◆ Records provided ◆
━━━━━━━━━━━━━━━━━━━━━━━━━━━━━━
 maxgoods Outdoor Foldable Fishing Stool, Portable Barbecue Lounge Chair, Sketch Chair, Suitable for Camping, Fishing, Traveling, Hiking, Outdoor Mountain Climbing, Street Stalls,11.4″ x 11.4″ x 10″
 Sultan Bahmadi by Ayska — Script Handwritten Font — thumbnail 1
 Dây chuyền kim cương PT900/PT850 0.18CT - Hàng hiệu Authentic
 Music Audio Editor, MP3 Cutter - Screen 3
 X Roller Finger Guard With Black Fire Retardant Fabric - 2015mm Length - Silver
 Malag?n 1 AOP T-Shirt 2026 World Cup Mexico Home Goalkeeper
━━━━━━━━━━━━━━━━━━━━━━━━━━━━━━
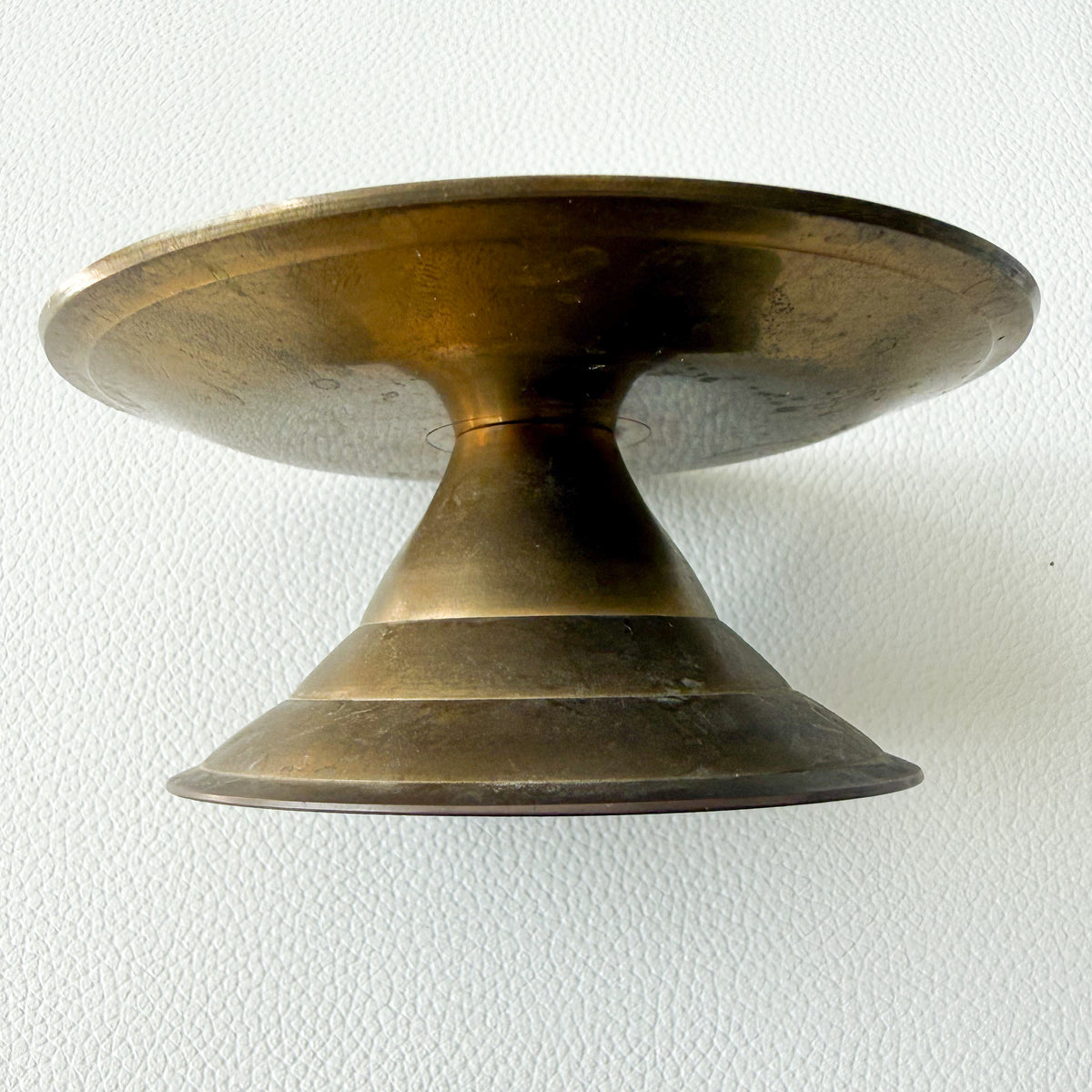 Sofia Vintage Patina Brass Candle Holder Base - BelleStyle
━━━━━━━━━━━━━━━━━━━━━━━━━━━━━━
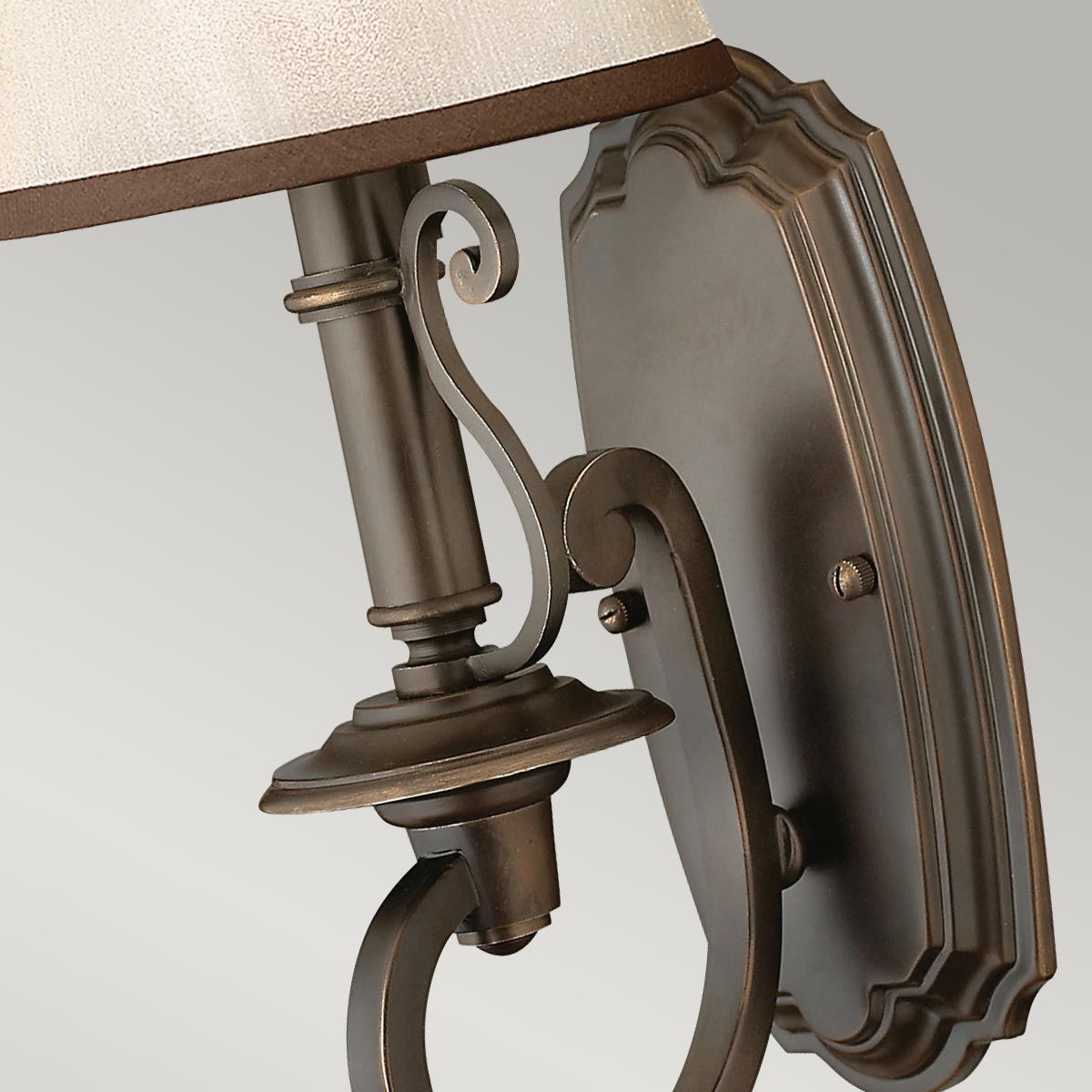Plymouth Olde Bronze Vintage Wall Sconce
━━━━━━━━━━━━━━━━━━━━━━━━━━━━━━
Out of the data above, transcribe exactly and only the lines starting with the line that has "maxgoods Outdoor Foldable" and going on through the line that has "Dây chuyền kim", both included.

◆ Problem solution ◆
 maxgoods Outdoor Foldable Fishing Stool, Portable Barbecue Lounge Chair, Sketch Chair, Suitable for Camping, Fishing, Traveling, Hiking, Outdoor Mountain Climbing, Street Stalls,11.4″ x 11.4″ x 10″
 Sultan Bahmadi by Ayska — Script Handwritten Font — thumbnail 1
 Dây chuyền kim cương PT900/PT850 0.18CT - Hàng hiệu Authentic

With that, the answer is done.